Nesta quarta-feira, o ministro da Fazenda afirmou que, caso a PEC seja aprovada, as despesas com esses setores também deverão ser limitados à inflação do ano anterior - esse limite pode ser expandido, mas desde que o Congresso aprove cortes em outras áreas.

Hoje, os valores investidos em saúde e educação estão vinculados ao avanço da receita do governo.

Assim que o governo Temer anunciou que as duas áreas entrariam no texto, houve um debate sobre os prejuízos para os serviços, o que o presidente interino negou reiteradamente.

Os especialistas ouvidos pela BBC dizem que é difícil saber como o ensino e o atendimento de saúde serão afetados, mas questionam a necessidade de limitar os gastos desses setores à inflação.

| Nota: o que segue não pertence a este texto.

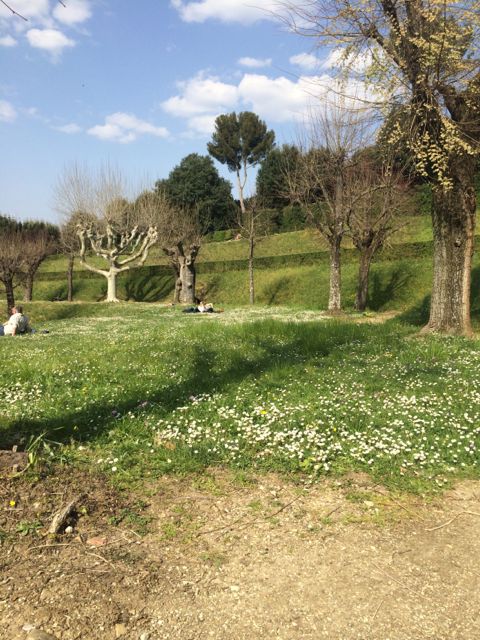I was sitting on a bench in the Boboli gardens.  Just a pretty place.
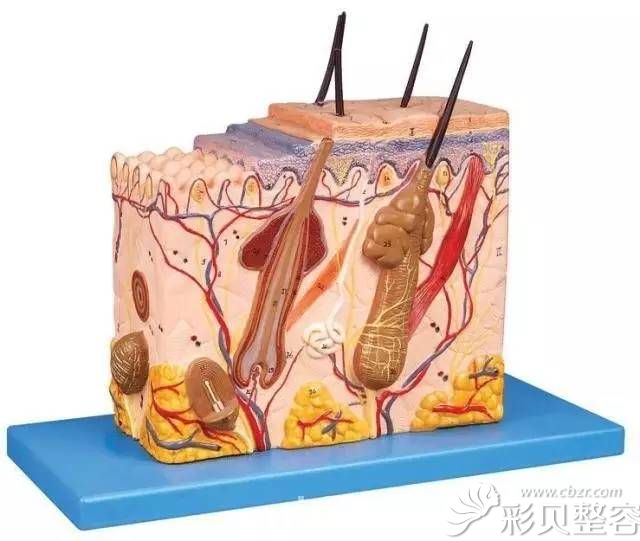 北京柏丽张继平现场用模型为你演示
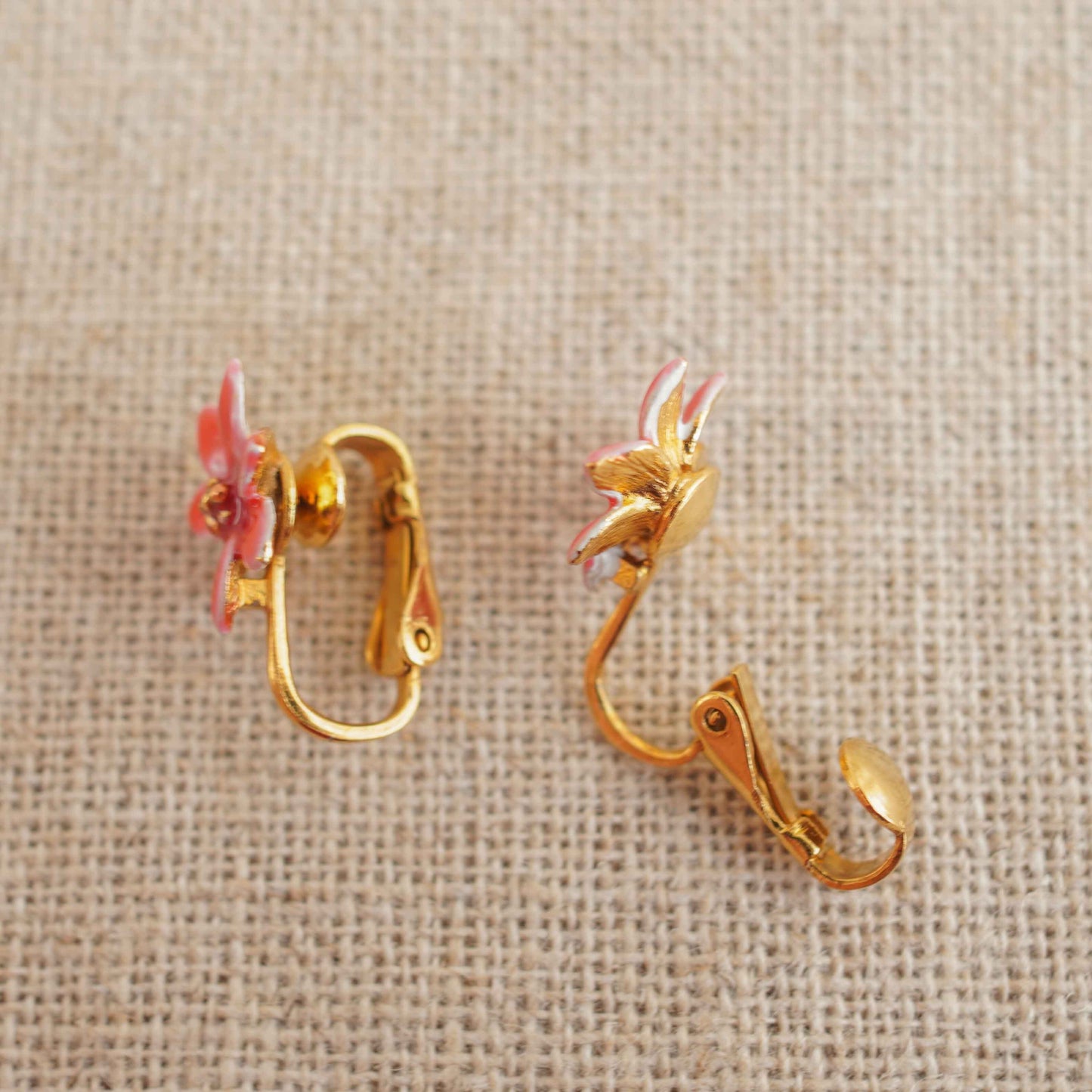 The Petits Fours Collection 5 7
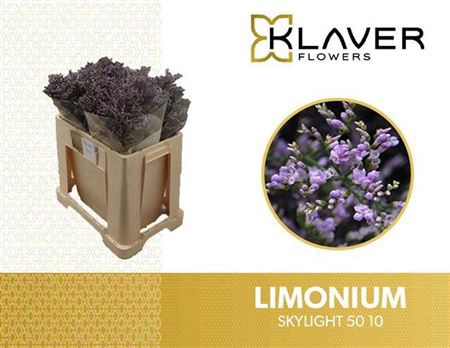 <h4>Lim Ov Skylight</h4>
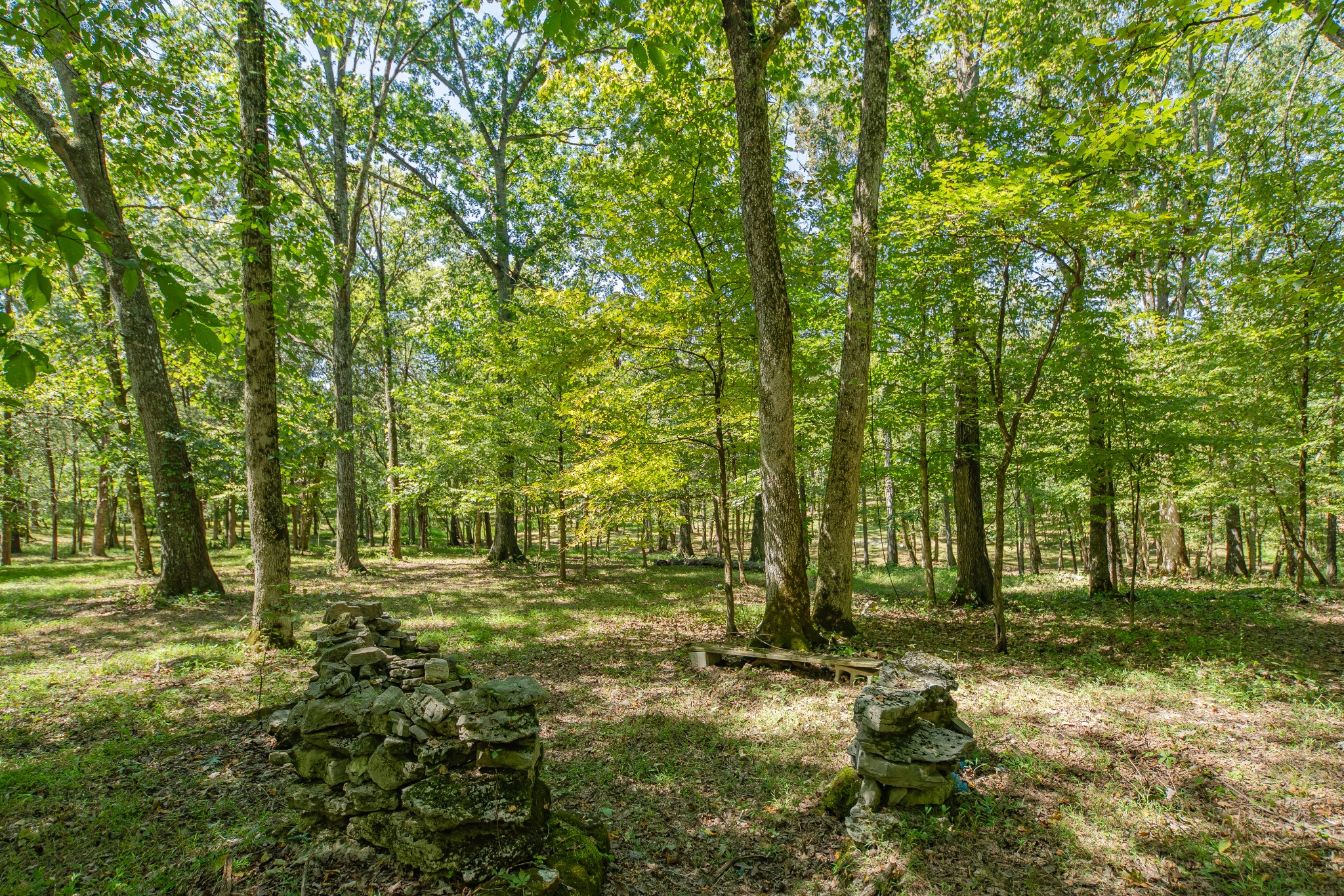 5085 Flat Creek Road Spring Hill, TN 37174 - Photo 9 of 17 a backyard of a house with lots of green space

Para eles, seria possível fazer cortes maiores em outros departamentos para dar uma margem maior a essas duas áreas essenciais. Outra ideia seria esperar o resultado alcançado pelo teto fiscal antes de mexer na regra que rege os valores gastos com saúde e educação.

"Poderiam manter a regra atual valendo até o limite do gasto estar funcionando. Se não desse para cumprir o teto, se mexeria em saúde e educação, mas não antes", opina Klein.